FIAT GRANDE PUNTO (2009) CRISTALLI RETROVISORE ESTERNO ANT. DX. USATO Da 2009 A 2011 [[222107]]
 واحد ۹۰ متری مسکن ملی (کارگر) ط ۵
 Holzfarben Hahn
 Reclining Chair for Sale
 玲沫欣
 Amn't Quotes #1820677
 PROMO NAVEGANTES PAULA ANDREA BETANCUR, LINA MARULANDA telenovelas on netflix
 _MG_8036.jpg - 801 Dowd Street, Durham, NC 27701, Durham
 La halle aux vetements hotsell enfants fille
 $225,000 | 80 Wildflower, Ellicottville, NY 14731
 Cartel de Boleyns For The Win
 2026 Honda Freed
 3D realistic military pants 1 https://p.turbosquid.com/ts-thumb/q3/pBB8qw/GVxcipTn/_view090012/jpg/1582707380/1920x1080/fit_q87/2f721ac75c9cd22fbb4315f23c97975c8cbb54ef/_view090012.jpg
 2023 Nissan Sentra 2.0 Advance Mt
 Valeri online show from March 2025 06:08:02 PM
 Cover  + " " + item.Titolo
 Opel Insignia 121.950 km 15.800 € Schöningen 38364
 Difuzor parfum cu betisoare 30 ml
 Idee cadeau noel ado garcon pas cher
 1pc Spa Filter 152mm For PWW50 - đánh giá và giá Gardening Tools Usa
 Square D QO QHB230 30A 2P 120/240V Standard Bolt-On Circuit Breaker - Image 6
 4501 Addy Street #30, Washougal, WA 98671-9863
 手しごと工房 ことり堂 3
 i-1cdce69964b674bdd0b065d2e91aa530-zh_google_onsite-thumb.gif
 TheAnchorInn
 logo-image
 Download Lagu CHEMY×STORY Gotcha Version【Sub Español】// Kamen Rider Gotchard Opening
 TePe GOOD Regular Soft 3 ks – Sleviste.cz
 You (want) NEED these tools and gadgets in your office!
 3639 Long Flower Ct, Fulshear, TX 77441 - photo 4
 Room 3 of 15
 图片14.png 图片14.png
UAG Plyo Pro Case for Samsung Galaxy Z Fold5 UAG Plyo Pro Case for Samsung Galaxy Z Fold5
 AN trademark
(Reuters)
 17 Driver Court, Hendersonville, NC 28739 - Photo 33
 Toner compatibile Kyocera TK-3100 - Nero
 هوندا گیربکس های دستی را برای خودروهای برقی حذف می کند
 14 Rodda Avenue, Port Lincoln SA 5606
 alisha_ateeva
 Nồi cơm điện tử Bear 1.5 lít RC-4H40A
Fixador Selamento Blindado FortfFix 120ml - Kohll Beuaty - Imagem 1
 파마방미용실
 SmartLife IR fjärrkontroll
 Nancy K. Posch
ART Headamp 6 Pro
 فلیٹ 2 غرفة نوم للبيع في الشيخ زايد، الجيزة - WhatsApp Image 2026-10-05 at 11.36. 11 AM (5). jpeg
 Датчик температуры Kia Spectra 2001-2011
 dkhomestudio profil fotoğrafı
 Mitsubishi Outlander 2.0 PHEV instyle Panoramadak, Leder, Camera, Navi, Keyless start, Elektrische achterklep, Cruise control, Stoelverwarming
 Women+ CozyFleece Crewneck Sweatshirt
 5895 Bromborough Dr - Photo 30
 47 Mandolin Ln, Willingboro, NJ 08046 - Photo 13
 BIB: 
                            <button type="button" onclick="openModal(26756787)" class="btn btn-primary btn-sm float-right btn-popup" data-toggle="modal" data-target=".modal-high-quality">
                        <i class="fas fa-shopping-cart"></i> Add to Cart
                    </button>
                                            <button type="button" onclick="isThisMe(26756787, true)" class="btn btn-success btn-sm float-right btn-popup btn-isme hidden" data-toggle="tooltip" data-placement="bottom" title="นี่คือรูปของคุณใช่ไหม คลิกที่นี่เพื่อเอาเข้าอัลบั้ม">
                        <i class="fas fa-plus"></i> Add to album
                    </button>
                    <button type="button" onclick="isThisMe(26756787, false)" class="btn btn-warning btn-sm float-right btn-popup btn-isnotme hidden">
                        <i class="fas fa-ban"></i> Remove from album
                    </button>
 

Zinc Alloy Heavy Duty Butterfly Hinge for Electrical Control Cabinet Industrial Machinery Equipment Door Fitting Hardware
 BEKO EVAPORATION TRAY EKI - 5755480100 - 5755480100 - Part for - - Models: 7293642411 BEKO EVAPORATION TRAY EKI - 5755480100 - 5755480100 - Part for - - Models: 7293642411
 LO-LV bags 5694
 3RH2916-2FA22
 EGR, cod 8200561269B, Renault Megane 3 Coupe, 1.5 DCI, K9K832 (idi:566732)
■ ■ ■
* _Your goal_
Go line by line through the data, copying each one that contains the word "from".

* _Response area_
 Valeri online show from March 2025 06:08:02 PM
                        <i class="fas fa-ban"></i> Remove from album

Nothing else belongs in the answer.